- _WORK INSTRUCTION_:
Only the text of the records belongs in the answer, copied exactly and without pictures.

Collected data entries
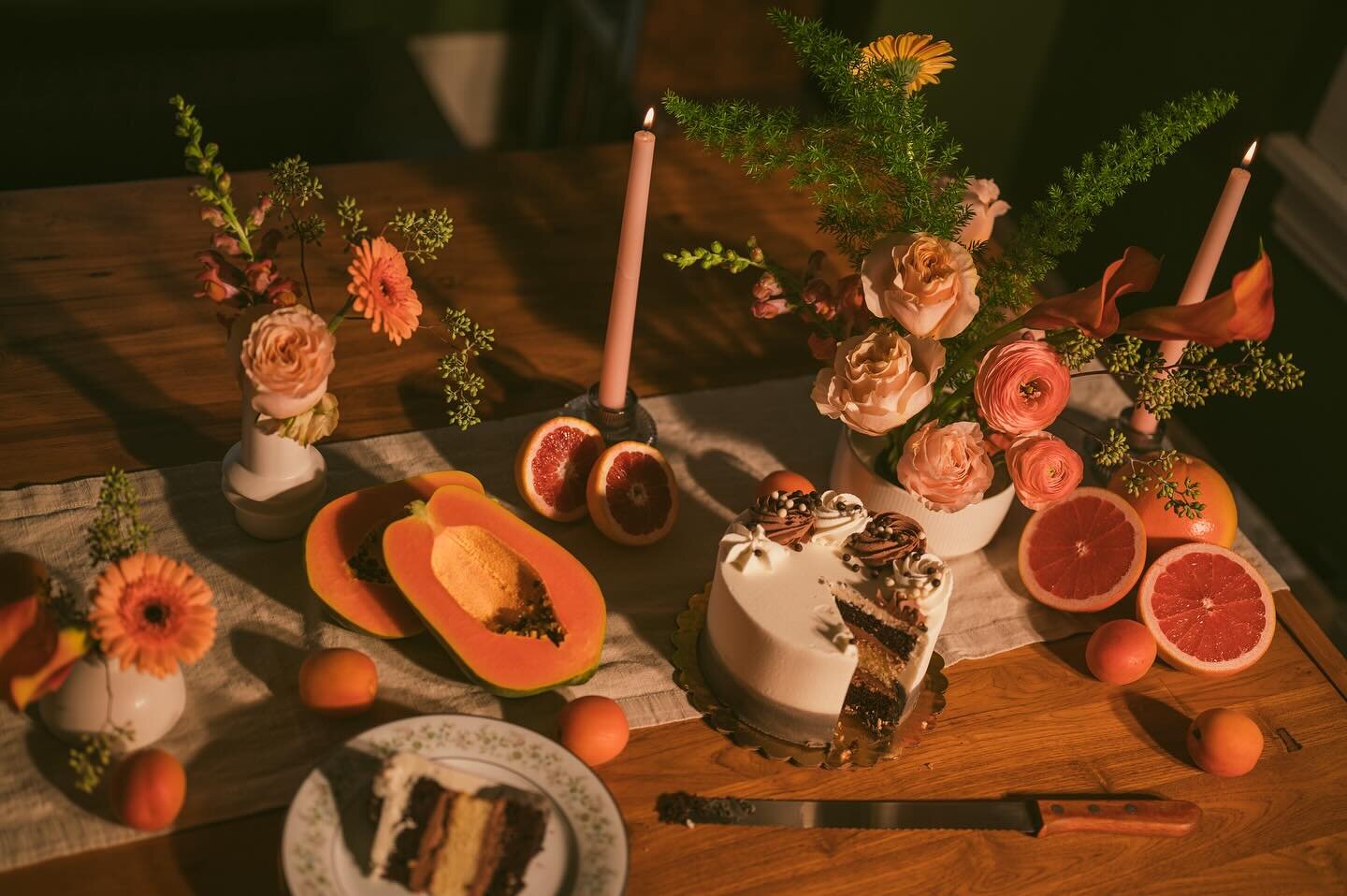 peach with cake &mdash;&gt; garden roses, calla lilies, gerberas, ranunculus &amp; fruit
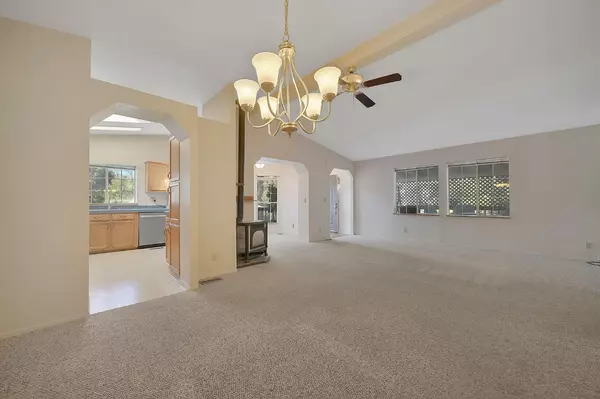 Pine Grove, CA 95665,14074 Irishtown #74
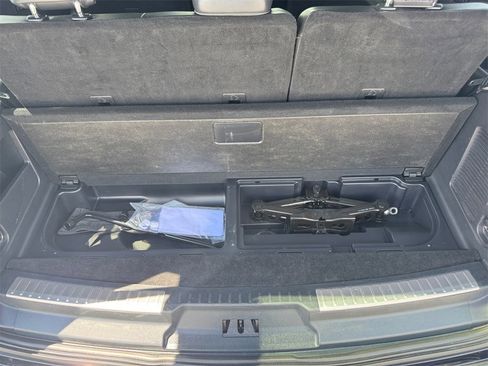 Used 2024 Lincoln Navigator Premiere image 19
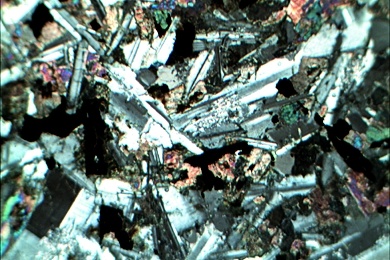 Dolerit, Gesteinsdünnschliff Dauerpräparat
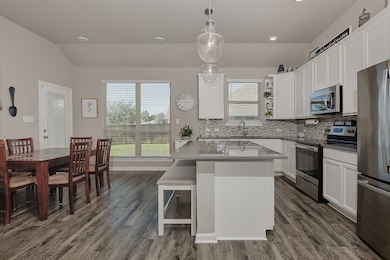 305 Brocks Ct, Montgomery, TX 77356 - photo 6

- _ANSWER SPACE_:
 peach with cake &mdash;&gt; garden roses, calla lilies, gerberas, ranunculus &amp; fruit
 Pine Grove, CA 95665,14074 Irishtown #74
 Used 2024 Lincoln Navigator Premiere image 19
 Dolerit, Gesteinsdünnschliff Dauerpräparat
 305 Brocks Ct, Montgomery, TX 77356 - photo 6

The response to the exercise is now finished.